→ **THE PROBLEM**
What should be copied is the stretch of entries below from the line with "Well, x squared" up to and including the line with "If you don't", exactly and without images.

---------- INFORMATION SHOWN

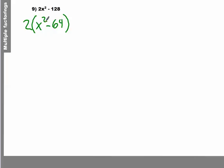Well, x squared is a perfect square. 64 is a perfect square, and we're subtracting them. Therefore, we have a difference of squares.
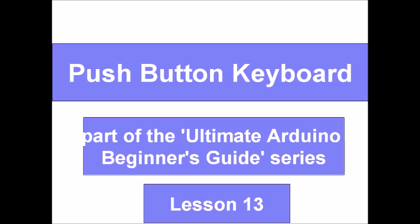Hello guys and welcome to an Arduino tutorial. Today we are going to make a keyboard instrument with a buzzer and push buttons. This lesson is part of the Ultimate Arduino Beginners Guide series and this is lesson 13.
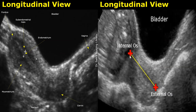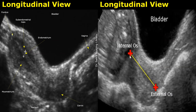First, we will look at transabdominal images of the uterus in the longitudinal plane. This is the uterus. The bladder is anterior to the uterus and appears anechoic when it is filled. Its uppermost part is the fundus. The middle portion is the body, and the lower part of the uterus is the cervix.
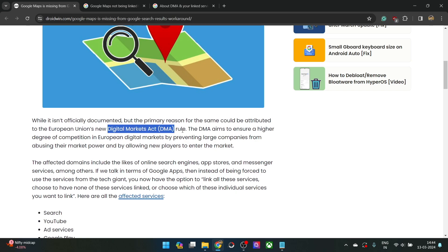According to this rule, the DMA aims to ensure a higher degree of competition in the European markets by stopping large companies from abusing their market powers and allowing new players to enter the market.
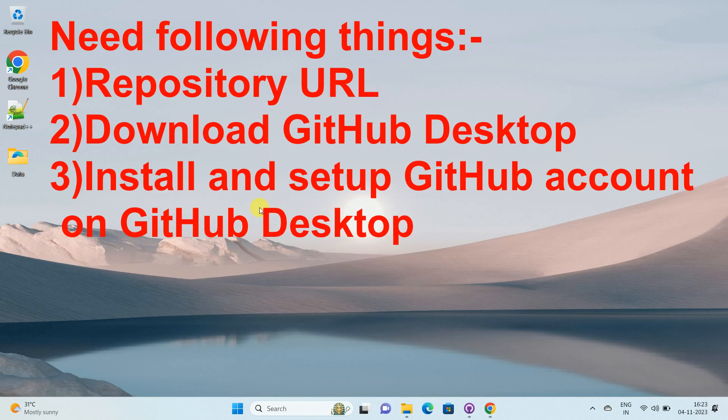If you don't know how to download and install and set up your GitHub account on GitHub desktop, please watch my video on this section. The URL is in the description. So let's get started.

--------------------
---------- INFORMATION SHOWN

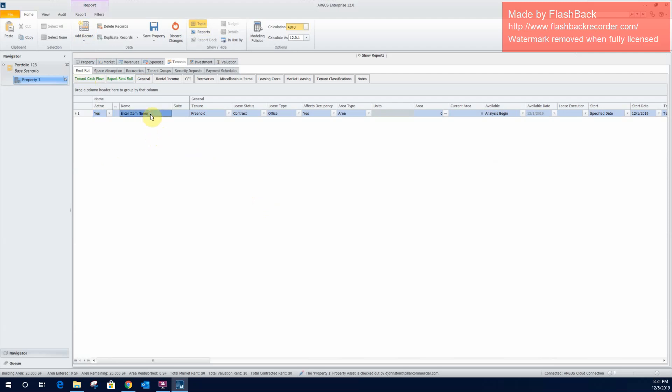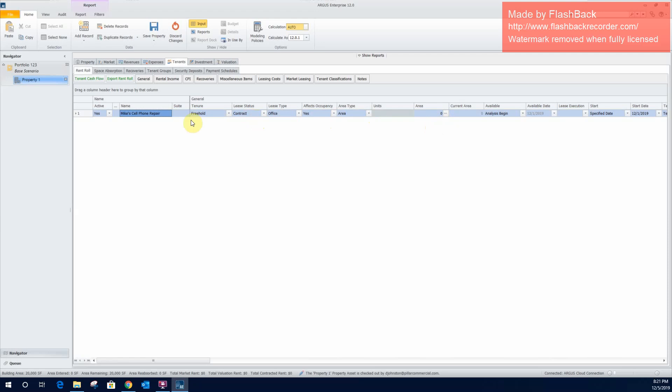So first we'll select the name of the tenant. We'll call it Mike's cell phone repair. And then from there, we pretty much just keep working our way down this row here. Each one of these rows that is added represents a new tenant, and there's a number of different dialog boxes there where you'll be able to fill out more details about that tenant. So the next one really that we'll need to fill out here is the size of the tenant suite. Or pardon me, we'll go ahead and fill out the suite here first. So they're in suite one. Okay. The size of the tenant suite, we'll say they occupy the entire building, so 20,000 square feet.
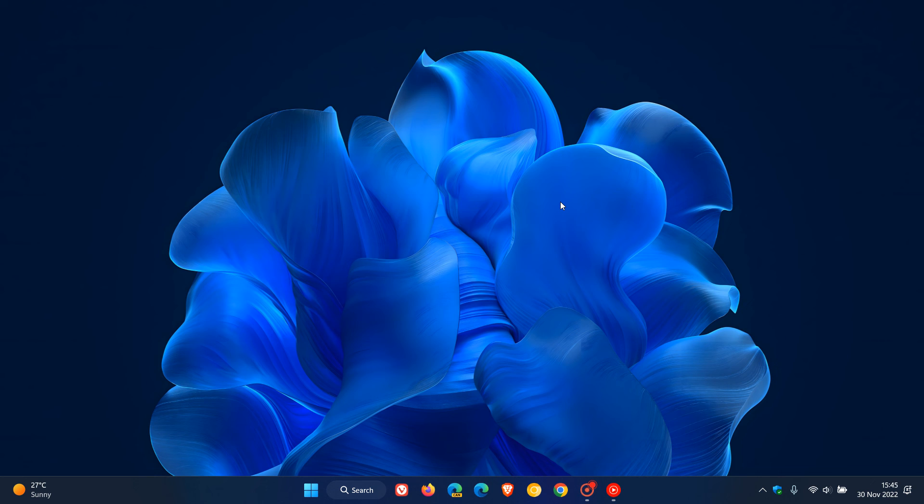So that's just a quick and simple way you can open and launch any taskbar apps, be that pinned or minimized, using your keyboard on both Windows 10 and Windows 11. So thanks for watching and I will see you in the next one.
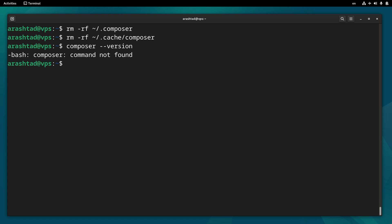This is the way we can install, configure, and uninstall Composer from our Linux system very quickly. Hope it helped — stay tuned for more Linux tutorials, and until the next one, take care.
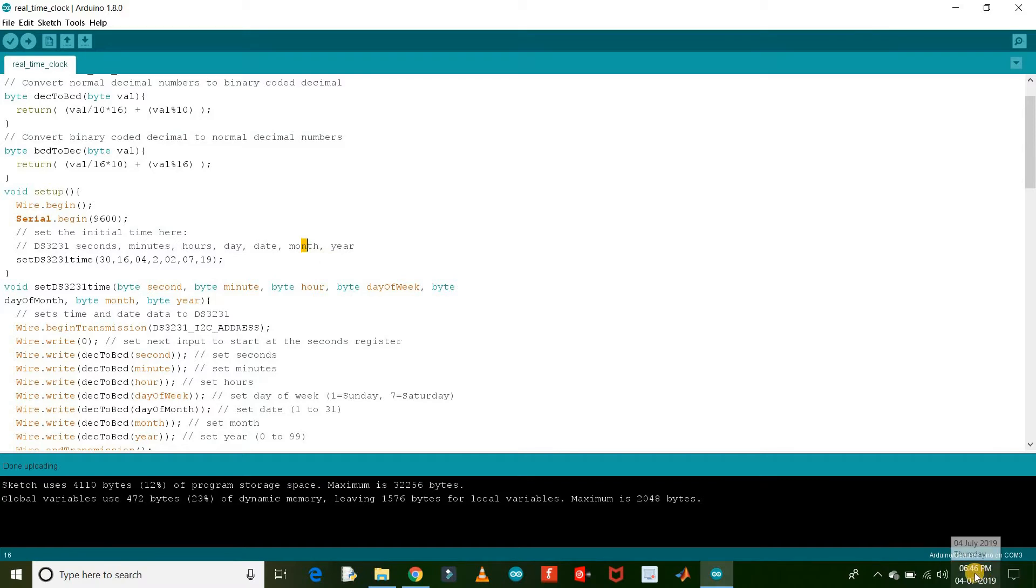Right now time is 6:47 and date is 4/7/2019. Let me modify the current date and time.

--------------------

→ **SOLUTION TO THIS EXERCISE**
Well, x squared is a perfect square. 64 is a perfect square, and we're subtracting them. Therefore, we have a difference of squares.
Hello guys and welcome to an Arduino tutorial. Today we are going to make a keyboard instrument with a buzzer and push buttons. This lesson is part of the Ultimate Arduino Beginners Guide series and this is lesson 13.
First, we will look at transabdominal images of the uterus in the longitudinal plane. This is the uterus. The bladder is anterior to the uterus and appears anechoic when it is filled. Its uppermost part is the fundus. The middle portion is the body, and the lower part of the uterus is the cervix.
According to this rule, the DMA aims to ensure a higher degree of competition in the European markets by stopping large companies from abusing their market powers and allowing new players to enter the market.
If you don't know how to download and install and set up your GitHub account on GitHub desktop, please watch my video on this section. The URL is in the description. So let's get started.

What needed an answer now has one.